Margareth Martino è madre di Mattia, un bambino con autismo di 5 anni e mezzo. «Mattia sta recuperando sotto tanti punti di vista ma mi rendo conto che quel meraviglioso recupero cozza con una società che non è pronta, che non conosce l’autismo, soprattutto quando si trova accanto l’autismo cosiddetto invisibile. Chi vive in questa condizione può certamente colmare la distanza da un comportamento neurotipico ma continua ad avere molte difficoltà oggettive e bisogno di un supporto». Considerando infatti «l’eterogeneità delle manifestazioni delle persone nello spettro dell’autismo, più del 95% ha difficoltà sensoriali con una mancata capacità di poter filtrare le informazioni esterne a differenza di una persona neurotipica. Da qui è nata l’idea di occuparci quantomeno degli ambienti che rappresentano una necessità quotidiana: supermercati e farmacie, parrucchieri, catene di abbigliamento, ristoratori e così via».
Chi ha aderito al progetto?
A oggi siamo riusciti ad avere la piena collaborazione di tutti i supermercati Elite di Roma e Lazio, di tutte le farmacie comunali appartenenti alle Farmacap e delle farmacie comunali di Fiumicino. A loro abbiamo chiesto di creare due ore a settimana, non esclusive, di calma sensoriale all’interno dei negozi». Gli esercenti ricevono un’applicazione che spiega l’autismo, quali sono le difficoltà sensoriali e cosa può accadere a una persona che va incontro a una crisi data dal caos sensoriale creato dall’esterno. Nei punti vendita sono apposte le locandine di «Noi siamo amici di ScopriAMO l’autismo» che riportano in sintesi le caratteristiche del progetto.

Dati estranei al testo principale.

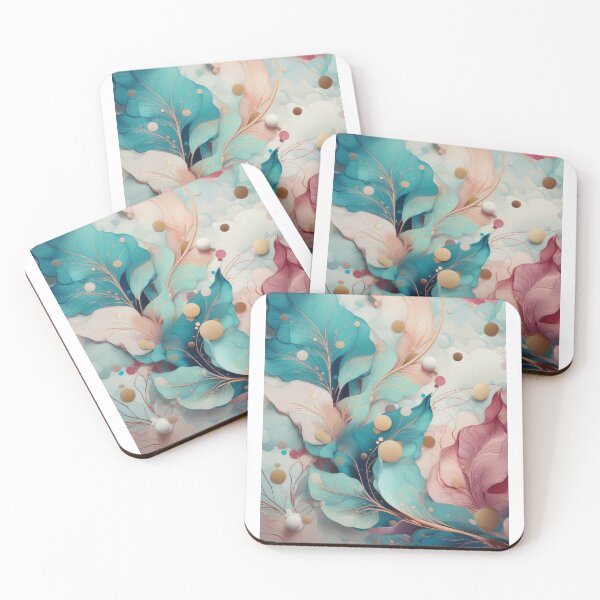 Item preview, Abstract neutral colours leafy pattern pink pastel, teal feathery textures designed and sold by navitalidesign.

Cosa avviene in concreto in quelle fasce orarie?
Una serie di accorgimenti renderanno agevole l’ingresso delle persone autistiche: chiediamo di non utilizzare musica e stereofonia; e, dove possibile, di ridurre al minimo l’illuminazione, soprattutto quella superflua degli schermi led. Oppure di dedicare una cassa per il pagamento al fine di ridurre i tempi di attesa o dare la priorità alle persone cui è rivolta l’iniziativa. Non tanto per gli adulti, che imparano a gestire le attese, quanto per i bambini e i ragazzi che sono molto spesso incapaci di rispettare i tempi di attesa o la regolare turnazione «del tocca prima all’altra persona che a me».
Sembra una cosa di poco conto eppure…
Da mamma mi rendo conto che spesso entro in difficoltà in un ambiente in cui si genera una situazione imbarazzante. Speriamo che questo progetto aumenti la consapevolezza dei dipendenti di quel posto ad affrontare situazioni simili con maggiore elasticità. Se in quelle due ore per me si crea un ambiente favorevole, forse chi mi guarda per un attimo dice «Ah, forse è una mamma in difficoltà, la faccio passare avanti alla cassa o creo un aiuto diverso». Miriamo alla sensibilizzazione degli esercenti e dei dipendenti ma anche dei clienti perché sappiano che in quelle due ore probabilmente dovranno avere degli occhi diversi. Nella speranza poi di superare le due ore a settimana.
Dal piccolo al grande, insomma.
Speriamo di avere anche un impatto culturale! Sono convinta che abbiamo un’idea di barriere architettoniche molto concreta solo quando la disabilità è visibile. La nostra è un’associazione principalmente di genitori il cui punto di forza è un comitato scientifico che corregge il tiro alle nostre proposte. Nel caso specifico, l’idea era di realizzare qualcosa di fattibile da tutti: l’autismo non è solo a Trigoria. Abbiamo cercato un progetto che fosse semplice e realizzabile, che fosse un inizio, una base per qualcosa che arrivi ovunque, perché l’autismo è ovunque.